More than half of the cities Uxin operates in fall into the so-called tier-three and -four designation, according to CEO Dai Kun. In an interview with CNBC, he said secondhand cars are an attractive choice for people in smaller cities since they often lack a metro system and local incomes tend to be lower.
Looking ahead to the rest of the year, Dai plans further expansion into hundreds of cities and counties. He expects the economy to pick up and that the year-on-year decline in sales of new autos will end.
Improving the quality of life through better healthcare, education and other services is part of the opportunity in smaller cities, said Qin Gang, deputy secretary general at think tank Center for China and Globalization.
“In the last twenty years, development focused on high tier cities,” he said in a Mandarin-language interview translated by CNBC. “The lower tier cities were neglected, ignored for a long time.”
For the last several decades, that meant people crowded Beijing and Shanghai to see the best doctors and find the best schools. Technology is trying to change that.
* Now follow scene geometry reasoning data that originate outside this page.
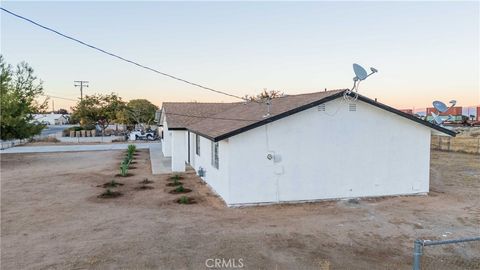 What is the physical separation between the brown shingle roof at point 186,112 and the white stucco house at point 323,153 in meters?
6.46

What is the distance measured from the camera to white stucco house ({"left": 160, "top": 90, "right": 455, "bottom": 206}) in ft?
37.3

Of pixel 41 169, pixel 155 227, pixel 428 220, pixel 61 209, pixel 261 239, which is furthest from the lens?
pixel 41 169

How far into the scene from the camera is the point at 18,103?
80.9ft

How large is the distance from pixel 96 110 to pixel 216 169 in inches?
1606

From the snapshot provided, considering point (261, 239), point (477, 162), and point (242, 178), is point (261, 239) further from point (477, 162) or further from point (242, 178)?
point (477, 162)

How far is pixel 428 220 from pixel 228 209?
568 centimetres

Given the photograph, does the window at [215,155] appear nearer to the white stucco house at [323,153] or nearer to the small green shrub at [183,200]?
the white stucco house at [323,153]

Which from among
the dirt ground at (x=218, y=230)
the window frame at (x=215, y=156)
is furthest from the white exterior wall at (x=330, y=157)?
the window frame at (x=215, y=156)

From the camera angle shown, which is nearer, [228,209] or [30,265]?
[30,265]

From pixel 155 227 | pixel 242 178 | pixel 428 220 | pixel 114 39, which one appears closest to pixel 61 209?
pixel 155 227

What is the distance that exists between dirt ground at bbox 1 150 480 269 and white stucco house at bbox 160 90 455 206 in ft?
1.89

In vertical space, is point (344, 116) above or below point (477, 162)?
above

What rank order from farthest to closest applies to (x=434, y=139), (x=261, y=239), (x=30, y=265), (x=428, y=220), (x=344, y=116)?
1. (x=434, y=139)
2. (x=344, y=116)
3. (x=428, y=220)
4. (x=261, y=239)
5. (x=30, y=265)

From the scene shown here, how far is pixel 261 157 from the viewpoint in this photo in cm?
1151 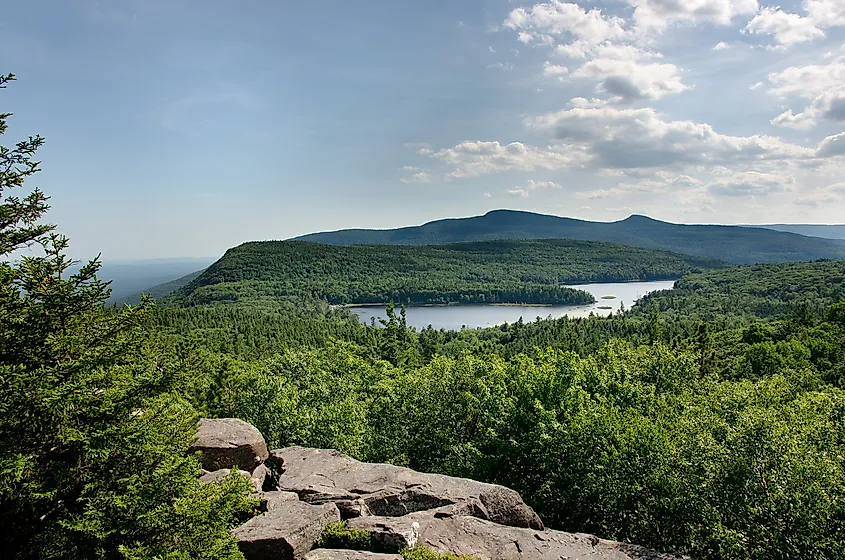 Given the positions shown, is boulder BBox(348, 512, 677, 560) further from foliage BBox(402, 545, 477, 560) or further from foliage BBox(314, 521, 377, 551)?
foliage BBox(402, 545, 477, 560)

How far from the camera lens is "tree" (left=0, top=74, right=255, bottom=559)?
11727 millimetres

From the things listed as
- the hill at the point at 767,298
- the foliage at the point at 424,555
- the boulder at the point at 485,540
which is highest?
the foliage at the point at 424,555

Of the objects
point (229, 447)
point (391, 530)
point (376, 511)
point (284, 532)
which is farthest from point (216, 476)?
point (391, 530)

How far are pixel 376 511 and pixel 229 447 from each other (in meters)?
6.35

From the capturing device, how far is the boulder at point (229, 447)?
18.6 m

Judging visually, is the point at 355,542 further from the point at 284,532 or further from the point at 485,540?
the point at 485,540

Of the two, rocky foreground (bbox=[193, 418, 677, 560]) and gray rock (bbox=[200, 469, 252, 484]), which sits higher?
gray rock (bbox=[200, 469, 252, 484])

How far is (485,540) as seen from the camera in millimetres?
14656

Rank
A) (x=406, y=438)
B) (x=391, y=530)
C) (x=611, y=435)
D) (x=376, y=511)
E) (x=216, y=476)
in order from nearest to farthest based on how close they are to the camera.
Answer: (x=391, y=530) < (x=376, y=511) < (x=216, y=476) < (x=611, y=435) < (x=406, y=438)

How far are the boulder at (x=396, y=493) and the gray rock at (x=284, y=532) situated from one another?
133 cm

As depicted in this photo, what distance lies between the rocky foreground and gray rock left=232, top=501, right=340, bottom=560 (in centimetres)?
3

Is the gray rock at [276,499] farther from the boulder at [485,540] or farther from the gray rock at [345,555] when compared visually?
the gray rock at [345,555]

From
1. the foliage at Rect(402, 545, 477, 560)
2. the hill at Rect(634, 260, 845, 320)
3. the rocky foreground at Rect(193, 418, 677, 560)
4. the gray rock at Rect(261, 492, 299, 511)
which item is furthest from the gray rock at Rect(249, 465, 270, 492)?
the hill at Rect(634, 260, 845, 320)

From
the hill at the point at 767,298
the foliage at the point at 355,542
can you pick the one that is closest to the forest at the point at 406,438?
the foliage at the point at 355,542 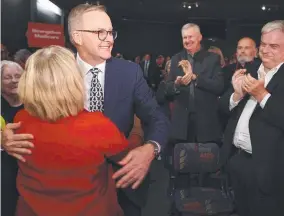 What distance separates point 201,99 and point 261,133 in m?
1.50

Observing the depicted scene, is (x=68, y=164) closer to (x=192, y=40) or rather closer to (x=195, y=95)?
(x=195, y=95)

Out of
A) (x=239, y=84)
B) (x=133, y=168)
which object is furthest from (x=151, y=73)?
(x=133, y=168)

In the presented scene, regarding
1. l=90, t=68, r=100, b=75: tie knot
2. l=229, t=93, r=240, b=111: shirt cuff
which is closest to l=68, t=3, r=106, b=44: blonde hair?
l=90, t=68, r=100, b=75: tie knot

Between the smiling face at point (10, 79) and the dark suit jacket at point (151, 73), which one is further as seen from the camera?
the dark suit jacket at point (151, 73)

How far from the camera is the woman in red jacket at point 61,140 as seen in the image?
1.32 metres

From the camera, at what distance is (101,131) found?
135cm

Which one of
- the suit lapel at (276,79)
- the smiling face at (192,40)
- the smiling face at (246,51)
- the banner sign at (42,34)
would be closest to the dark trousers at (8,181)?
the suit lapel at (276,79)

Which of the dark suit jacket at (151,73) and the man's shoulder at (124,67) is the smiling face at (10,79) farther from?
the dark suit jacket at (151,73)

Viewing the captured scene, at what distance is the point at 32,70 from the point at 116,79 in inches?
19.1

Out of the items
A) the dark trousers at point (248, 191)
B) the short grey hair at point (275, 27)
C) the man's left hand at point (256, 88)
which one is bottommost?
the dark trousers at point (248, 191)

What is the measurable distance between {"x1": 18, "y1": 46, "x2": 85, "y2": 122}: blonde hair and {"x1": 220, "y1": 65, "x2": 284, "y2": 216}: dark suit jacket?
122cm

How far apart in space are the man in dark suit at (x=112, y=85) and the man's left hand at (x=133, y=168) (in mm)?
114

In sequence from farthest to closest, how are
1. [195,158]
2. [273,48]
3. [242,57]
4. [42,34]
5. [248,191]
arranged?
[42,34] < [242,57] < [195,158] < [248,191] < [273,48]

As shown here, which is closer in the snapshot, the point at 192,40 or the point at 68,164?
the point at 68,164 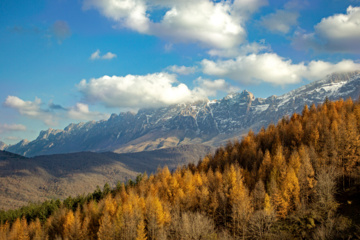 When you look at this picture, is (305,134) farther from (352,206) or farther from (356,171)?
(352,206)

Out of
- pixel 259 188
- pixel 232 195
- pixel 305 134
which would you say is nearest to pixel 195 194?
pixel 232 195

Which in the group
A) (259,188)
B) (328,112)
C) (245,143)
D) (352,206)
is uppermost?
(328,112)

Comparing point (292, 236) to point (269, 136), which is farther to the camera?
point (269, 136)

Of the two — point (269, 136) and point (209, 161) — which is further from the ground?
point (269, 136)

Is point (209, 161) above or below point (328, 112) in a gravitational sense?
below

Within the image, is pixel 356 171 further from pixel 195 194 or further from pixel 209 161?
pixel 209 161

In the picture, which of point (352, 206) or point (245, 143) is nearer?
point (352, 206)

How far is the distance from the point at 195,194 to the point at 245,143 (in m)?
58.7

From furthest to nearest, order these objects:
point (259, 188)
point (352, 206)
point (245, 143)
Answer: point (245, 143), point (259, 188), point (352, 206)

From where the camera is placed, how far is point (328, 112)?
130875 millimetres

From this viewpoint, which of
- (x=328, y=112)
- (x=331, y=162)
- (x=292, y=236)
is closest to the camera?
(x=292, y=236)

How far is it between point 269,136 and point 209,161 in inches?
1269

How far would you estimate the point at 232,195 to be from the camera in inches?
3108

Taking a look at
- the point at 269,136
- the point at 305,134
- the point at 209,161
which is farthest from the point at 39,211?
the point at 305,134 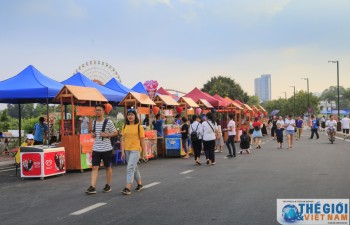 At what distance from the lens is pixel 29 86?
15547 millimetres

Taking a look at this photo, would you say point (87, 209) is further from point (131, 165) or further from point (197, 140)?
point (197, 140)

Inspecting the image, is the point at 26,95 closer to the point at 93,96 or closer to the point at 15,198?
the point at 93,96

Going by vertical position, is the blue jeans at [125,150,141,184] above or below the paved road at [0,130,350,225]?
above

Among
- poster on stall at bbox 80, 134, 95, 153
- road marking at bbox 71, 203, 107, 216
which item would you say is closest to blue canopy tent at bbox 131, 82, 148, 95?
poster on stall at bbox 80, 134, 95, 153

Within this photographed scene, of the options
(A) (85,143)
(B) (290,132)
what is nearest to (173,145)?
(A) (85,143)

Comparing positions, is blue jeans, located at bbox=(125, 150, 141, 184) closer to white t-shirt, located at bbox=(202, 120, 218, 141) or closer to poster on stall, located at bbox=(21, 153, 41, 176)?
poster on stall, located at bbox=(21, 153, 41, 176)

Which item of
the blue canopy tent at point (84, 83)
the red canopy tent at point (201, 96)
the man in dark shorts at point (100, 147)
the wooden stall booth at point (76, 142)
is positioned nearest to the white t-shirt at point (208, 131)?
the wooden stall booth at point (76, 142)

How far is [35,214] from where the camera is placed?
292 inches

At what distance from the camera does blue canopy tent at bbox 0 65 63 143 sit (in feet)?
50.4

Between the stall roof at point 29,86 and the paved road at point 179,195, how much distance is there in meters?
3.02

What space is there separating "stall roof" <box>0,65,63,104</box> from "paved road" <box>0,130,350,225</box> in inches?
119

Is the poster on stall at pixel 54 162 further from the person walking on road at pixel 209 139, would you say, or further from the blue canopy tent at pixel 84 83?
the blue canopy tent at pixel 84 83

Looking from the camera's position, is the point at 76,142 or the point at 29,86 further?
the point at 29,86

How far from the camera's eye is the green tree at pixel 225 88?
73125mm
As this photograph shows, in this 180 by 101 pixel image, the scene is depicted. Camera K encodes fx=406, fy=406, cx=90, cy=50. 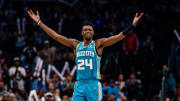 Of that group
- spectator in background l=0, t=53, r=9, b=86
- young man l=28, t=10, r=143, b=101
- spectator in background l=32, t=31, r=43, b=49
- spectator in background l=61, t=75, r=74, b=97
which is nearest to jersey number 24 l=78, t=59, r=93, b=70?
young man l=28, t=10, r=143, b=101

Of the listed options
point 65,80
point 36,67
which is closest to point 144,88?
point 65,80

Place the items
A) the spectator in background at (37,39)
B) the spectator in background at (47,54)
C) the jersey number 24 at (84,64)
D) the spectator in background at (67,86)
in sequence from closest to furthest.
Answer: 1. the jersey number 24 at (84,64)
2. the spectator in background at (67,86)
3. the spectator in background at (47,54)
4. the spectator in background at (37,39)

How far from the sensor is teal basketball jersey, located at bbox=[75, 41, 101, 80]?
7.73m

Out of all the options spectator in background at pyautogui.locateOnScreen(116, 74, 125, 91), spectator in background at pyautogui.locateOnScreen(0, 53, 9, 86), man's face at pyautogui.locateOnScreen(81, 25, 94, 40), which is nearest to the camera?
man's face at pyautogui.locateOnScreen(81, 25, 94, 40)

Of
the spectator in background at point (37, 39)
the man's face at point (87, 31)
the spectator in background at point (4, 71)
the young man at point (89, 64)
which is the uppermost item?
the spectator in background at point (37, 39)

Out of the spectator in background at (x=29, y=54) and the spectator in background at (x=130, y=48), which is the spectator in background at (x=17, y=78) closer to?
the spectator in background at (x=29, y=54)

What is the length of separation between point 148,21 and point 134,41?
3.51 metres

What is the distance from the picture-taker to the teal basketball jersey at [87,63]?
7734 millimetres

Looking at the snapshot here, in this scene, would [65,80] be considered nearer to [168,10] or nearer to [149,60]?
[149,60]

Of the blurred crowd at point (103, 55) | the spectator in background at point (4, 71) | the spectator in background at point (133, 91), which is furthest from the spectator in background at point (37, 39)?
the spectator in background at point (133, 91)

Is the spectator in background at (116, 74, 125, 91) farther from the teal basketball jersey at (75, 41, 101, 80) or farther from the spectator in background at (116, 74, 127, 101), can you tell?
the teal basketball jersey at (75, 41, 101, 80)

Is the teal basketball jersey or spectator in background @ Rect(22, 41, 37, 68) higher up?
spectator in background @ Rect(22, 41, 37, 68)

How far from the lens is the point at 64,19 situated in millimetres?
18703

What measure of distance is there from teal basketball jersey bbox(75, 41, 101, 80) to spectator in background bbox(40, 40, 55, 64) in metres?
8.42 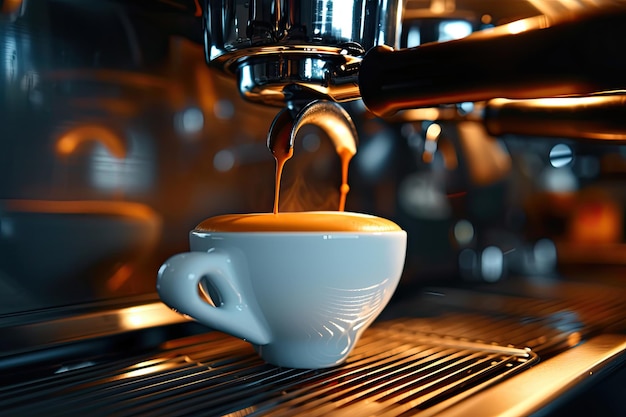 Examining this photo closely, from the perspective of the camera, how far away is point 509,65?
29 cm

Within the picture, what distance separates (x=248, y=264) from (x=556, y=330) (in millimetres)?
252

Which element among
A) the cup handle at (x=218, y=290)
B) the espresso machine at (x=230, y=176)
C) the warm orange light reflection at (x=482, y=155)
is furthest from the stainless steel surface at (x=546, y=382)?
the warm orange light reflection at (x=482, y=155)

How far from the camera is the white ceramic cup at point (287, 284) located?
1.04 feet

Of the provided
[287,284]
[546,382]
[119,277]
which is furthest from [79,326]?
[546,382]

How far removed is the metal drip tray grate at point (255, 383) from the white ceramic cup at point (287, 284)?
0.02 meters

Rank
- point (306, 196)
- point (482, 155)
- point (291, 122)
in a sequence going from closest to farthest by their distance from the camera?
point (291, 122) < point (306, 196) < point (482, 155)

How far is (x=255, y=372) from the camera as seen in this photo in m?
0.34

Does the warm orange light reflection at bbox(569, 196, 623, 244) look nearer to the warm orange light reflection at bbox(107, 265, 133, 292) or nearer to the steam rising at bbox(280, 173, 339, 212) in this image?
the steam rising at bbox(280, 173, 339, 212)

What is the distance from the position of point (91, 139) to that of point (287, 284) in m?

Through a smartphone app, Ping An Good Doctor lets customers connect with doctors for consultations, order medicine and find recommendations for a nearby clinic or hospital if further examinations are needed. The process removes the hassle of waiting in hours-long lines just to see a doctor or pick up a prescription, and also encourages locals to try regional services.
A basic consultation can start at several hundred yuan, or about $65 and up. For 2018, Ping An Good Doctor claimed to have more than 265 million registered users and 54.7 million monthly active users. The company reported a 78.7 percent growth in revenue last year to 3.34 billion yuan, but posted an operating loss of 1.15 billion yuan.
China has one of the highest consumption demands for education in the world, Morgan Stanley analysts noted in a March 25 report. They expect the national education market to double to 10 trillion yuan by 2028, driven partly by spending growth in lower tier cities.
In a survey of parents from September to October last year, Morgan Stanley’s AlphaWise research arm found demand for spending on after-school education in lower tier cities was just as strong as other parts of the country. That’s despite households having less disposable income.
In light of the overall trend, equity analysts Sheng Zhong and Elsie Sheng upgraded after-school tutoring companies TAL Education and New Oriental Education and Technology to overweight. Both firms are set to report earnings in late April.
Data from travel booking site Ctrip has shown a trend of residents from smaller cities traveling more.
In its earnings report for 2018, Ctrip said that stays at its branded low-star hotels doubled from the prior year. Net revenue for the full year rose 16 percent to 31 billion yuan.
Tourism spending could increase if there was better implementation of the paid-leave system, UBS analyst Xin Chen said in a March 25 note. He pointed out that Chinese residents overall have 24 to 36 percent less leisure time than those in developed countries, with lower tier city residents on average taking about two fewer days off than those in tier-one and tier-two cities.